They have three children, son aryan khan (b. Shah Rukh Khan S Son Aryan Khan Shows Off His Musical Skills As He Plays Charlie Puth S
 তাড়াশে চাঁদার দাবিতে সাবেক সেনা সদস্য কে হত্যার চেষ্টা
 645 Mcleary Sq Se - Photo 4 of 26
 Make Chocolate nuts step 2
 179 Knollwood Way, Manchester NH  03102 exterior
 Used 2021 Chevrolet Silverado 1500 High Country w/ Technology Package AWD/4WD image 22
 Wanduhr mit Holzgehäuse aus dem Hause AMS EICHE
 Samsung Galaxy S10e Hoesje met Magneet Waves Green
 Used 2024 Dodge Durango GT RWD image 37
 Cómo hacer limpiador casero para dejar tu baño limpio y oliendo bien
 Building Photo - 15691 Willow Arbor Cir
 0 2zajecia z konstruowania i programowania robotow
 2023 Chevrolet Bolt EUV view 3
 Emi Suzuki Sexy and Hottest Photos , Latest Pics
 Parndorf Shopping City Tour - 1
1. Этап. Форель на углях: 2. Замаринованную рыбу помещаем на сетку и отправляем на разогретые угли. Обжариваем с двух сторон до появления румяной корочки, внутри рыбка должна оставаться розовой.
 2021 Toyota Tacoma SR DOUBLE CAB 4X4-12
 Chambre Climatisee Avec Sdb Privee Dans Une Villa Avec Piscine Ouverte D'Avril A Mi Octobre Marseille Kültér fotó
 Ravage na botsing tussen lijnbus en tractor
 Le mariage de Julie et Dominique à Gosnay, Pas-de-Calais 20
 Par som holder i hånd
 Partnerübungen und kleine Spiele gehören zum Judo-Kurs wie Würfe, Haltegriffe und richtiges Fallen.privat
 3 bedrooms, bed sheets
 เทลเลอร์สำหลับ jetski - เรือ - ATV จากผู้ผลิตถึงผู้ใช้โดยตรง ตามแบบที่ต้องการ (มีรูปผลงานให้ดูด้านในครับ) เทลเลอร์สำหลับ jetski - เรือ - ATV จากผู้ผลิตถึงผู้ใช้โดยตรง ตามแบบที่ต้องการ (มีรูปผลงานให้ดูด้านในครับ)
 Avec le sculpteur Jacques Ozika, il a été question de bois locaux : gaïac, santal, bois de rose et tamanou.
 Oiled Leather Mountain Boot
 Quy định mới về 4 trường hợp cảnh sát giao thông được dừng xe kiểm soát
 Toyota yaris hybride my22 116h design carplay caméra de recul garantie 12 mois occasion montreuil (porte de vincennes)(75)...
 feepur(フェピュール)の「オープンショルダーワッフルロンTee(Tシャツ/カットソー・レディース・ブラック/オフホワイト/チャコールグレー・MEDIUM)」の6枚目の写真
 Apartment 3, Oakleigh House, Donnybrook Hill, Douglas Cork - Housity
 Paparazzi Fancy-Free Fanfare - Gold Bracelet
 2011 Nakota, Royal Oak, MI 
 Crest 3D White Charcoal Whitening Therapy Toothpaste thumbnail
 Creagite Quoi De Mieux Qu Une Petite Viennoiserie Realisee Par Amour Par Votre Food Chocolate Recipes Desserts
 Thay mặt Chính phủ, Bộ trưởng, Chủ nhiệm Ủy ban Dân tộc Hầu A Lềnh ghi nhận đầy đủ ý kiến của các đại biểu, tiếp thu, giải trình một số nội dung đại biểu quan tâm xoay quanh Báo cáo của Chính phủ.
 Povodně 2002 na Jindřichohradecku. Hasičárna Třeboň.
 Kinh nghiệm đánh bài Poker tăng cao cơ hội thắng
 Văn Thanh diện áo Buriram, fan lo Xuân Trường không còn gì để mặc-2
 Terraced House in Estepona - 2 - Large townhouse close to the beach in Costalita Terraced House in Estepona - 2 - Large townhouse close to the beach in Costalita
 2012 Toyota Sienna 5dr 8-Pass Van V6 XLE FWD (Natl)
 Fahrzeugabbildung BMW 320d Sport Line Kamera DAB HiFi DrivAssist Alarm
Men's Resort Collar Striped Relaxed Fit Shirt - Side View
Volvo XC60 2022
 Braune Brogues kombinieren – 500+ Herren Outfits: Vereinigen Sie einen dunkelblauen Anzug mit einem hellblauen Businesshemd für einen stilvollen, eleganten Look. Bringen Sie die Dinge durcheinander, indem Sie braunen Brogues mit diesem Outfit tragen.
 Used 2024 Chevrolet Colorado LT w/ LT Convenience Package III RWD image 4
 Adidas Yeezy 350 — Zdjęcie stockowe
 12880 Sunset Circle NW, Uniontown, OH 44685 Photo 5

§ ABOUT THIS TASK
Write out, from the lines above, only those from the line with "Avec le sculpteur" to the line with "Quy định mới", exactly as given, including the first and the last.

§ RESPONSE BOX
 Avec le sculpteur Jacques Ozika, il a été question de bois locaux : gaïac, santal, bois de rose et tamanou.
 Oiled Leather Mountain Boot
 Quy định mới về 4 trường hợp cảnh sát giao thông được dừng xe kiểm soát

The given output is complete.